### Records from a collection
·····
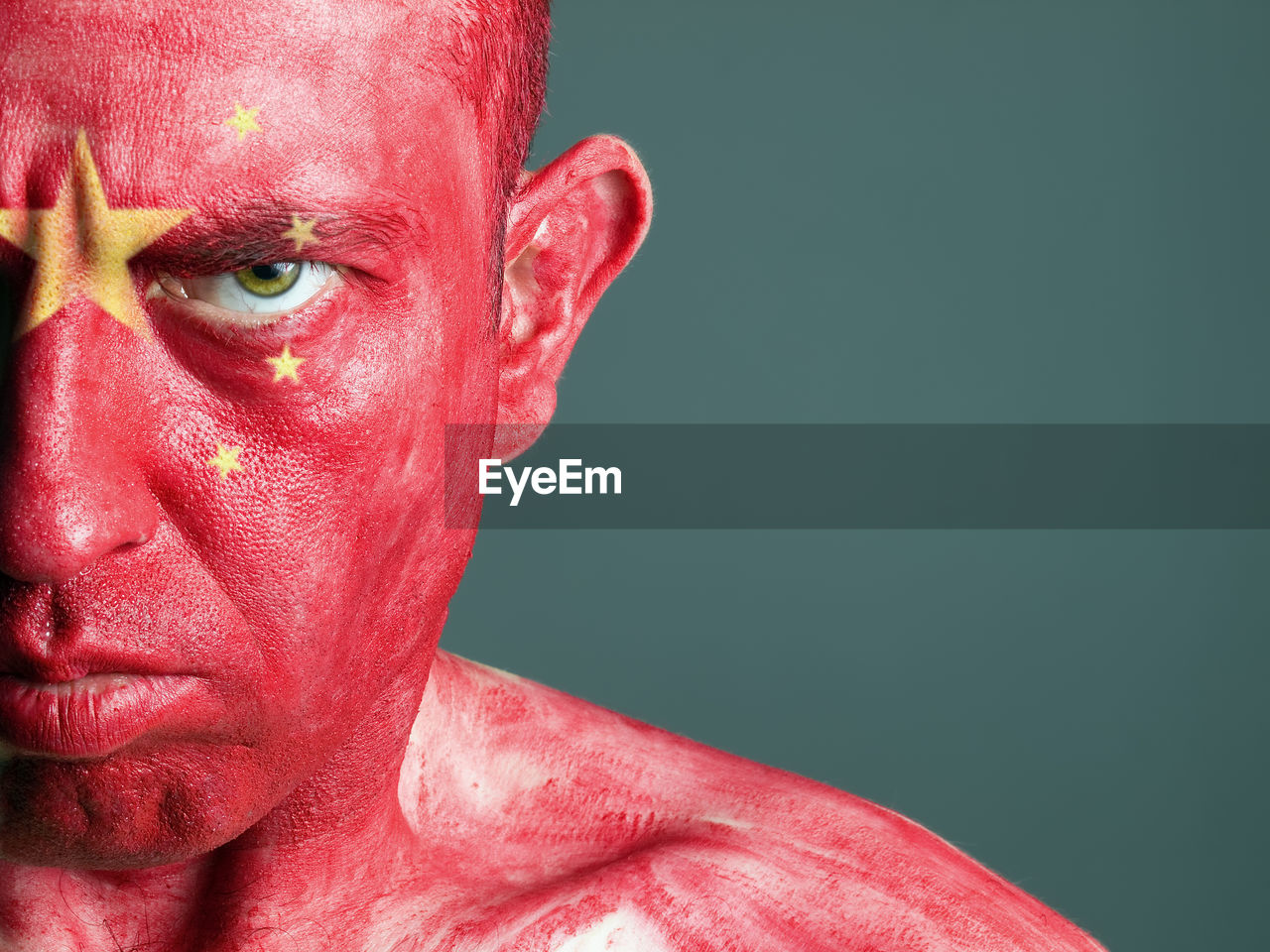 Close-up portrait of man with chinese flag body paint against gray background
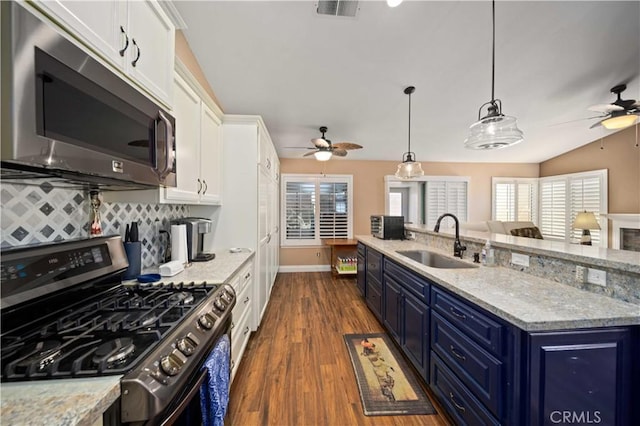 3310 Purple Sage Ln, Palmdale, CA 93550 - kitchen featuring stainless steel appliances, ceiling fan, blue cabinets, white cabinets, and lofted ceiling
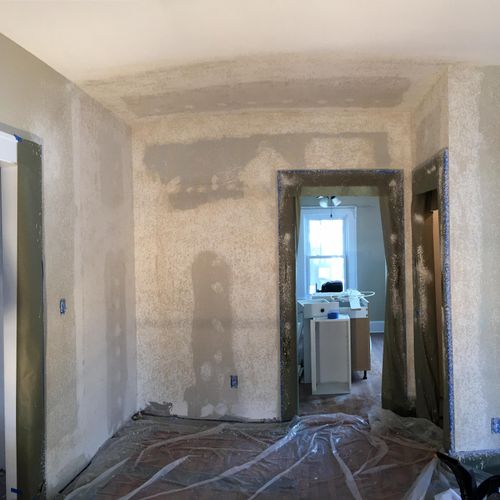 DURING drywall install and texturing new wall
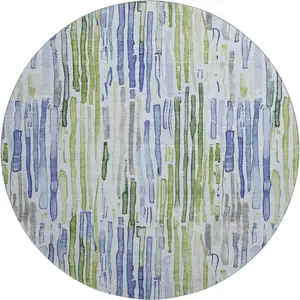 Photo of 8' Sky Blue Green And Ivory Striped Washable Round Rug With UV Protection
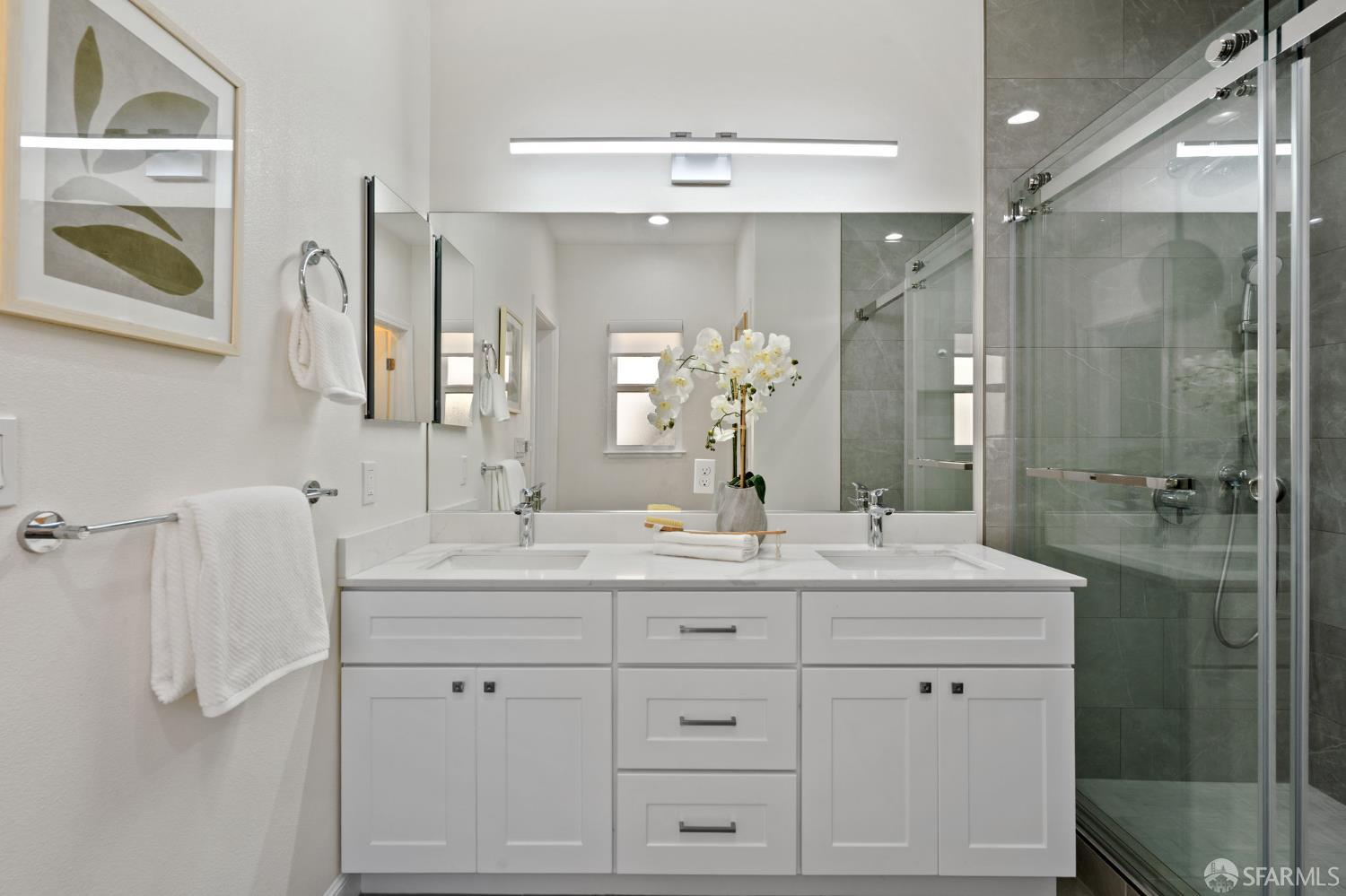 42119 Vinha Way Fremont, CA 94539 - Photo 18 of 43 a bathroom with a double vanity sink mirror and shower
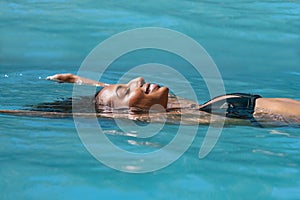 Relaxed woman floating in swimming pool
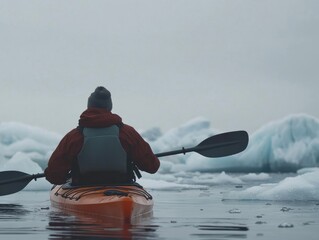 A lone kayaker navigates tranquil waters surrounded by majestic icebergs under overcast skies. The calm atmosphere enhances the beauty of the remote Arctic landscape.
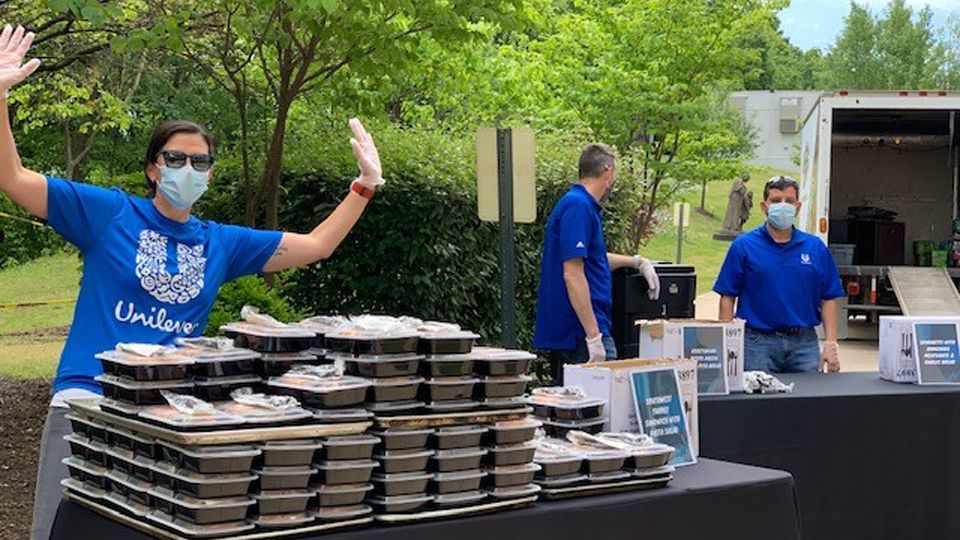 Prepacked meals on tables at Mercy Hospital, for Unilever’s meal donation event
·····
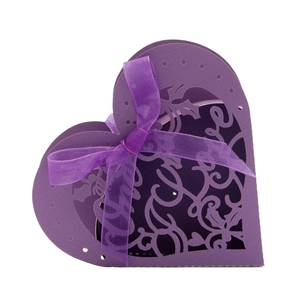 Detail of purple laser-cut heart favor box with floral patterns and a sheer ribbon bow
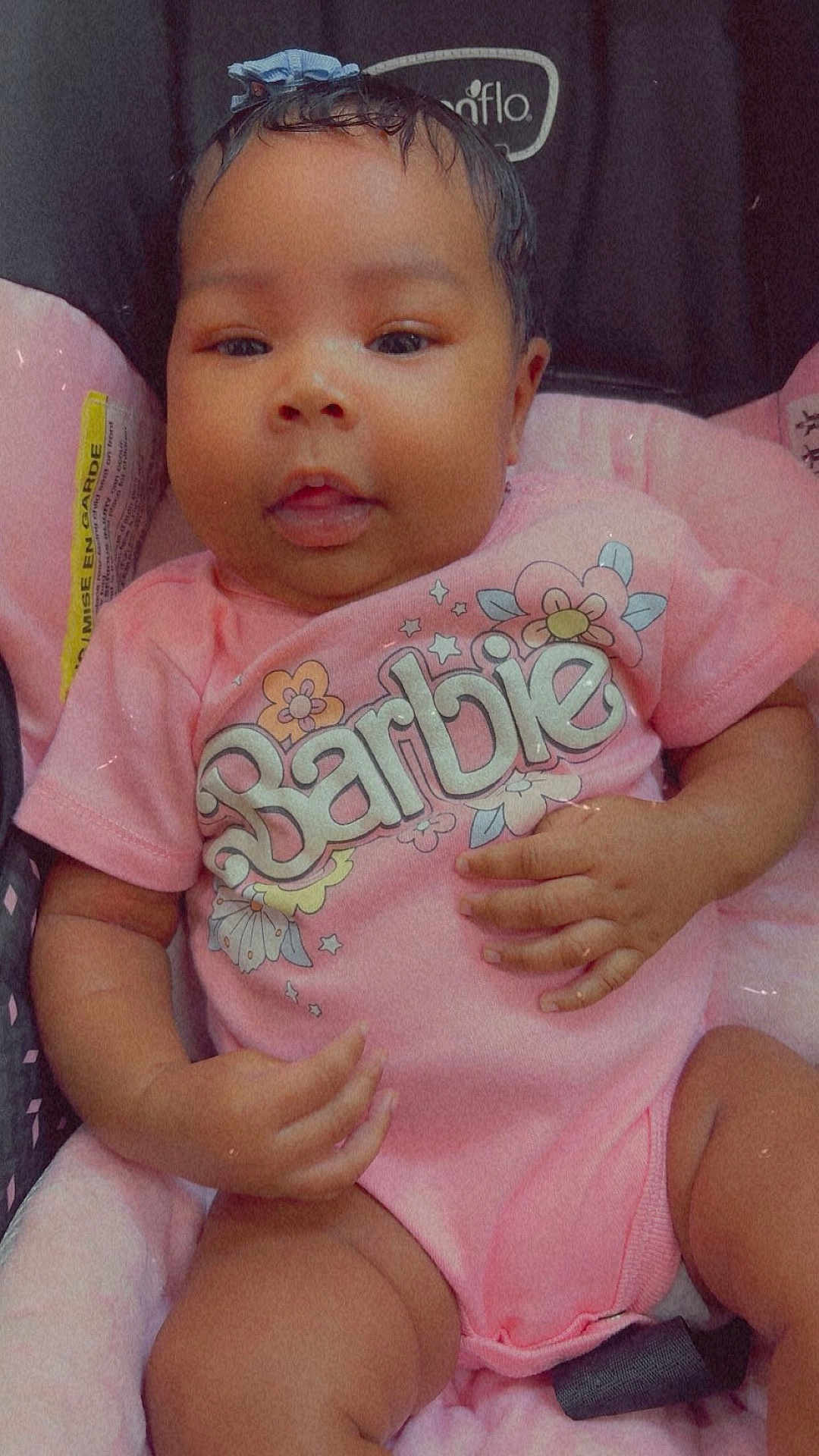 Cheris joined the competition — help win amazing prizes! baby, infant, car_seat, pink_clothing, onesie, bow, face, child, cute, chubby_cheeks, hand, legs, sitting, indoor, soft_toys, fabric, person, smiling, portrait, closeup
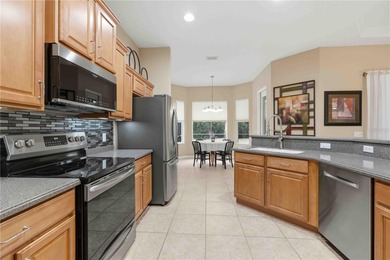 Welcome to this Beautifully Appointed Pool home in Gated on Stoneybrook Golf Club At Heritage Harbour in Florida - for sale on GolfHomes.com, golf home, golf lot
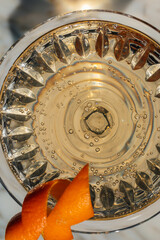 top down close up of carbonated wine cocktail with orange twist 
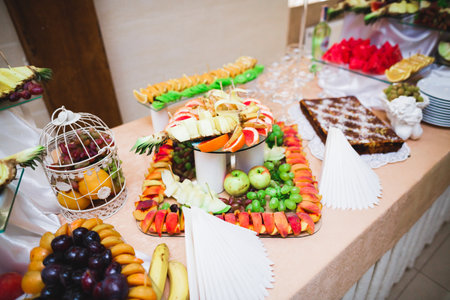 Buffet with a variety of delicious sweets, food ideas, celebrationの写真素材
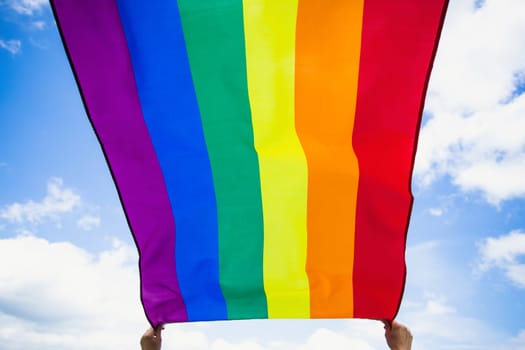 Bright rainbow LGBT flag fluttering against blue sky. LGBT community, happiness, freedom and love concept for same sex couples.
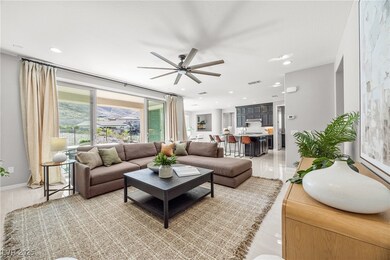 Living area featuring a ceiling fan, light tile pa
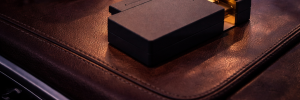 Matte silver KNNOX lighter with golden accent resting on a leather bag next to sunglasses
·····
Copy the lines above exactly, starting at the one with "Bright rainbow LGBT" and ending at the one with "Matte silver KNNOX", both included. Leave out any pictures and add nothing else.

 Bright rainbow LGBT flag fluttering against blue sky. LGBT community, happiness, freedom and love concept for same sex couples.
 Living area featuring a ceiling fan, light tile pa
 Matte silver KNNOX lighter with golden accent resting on a leather bag next to sunglasses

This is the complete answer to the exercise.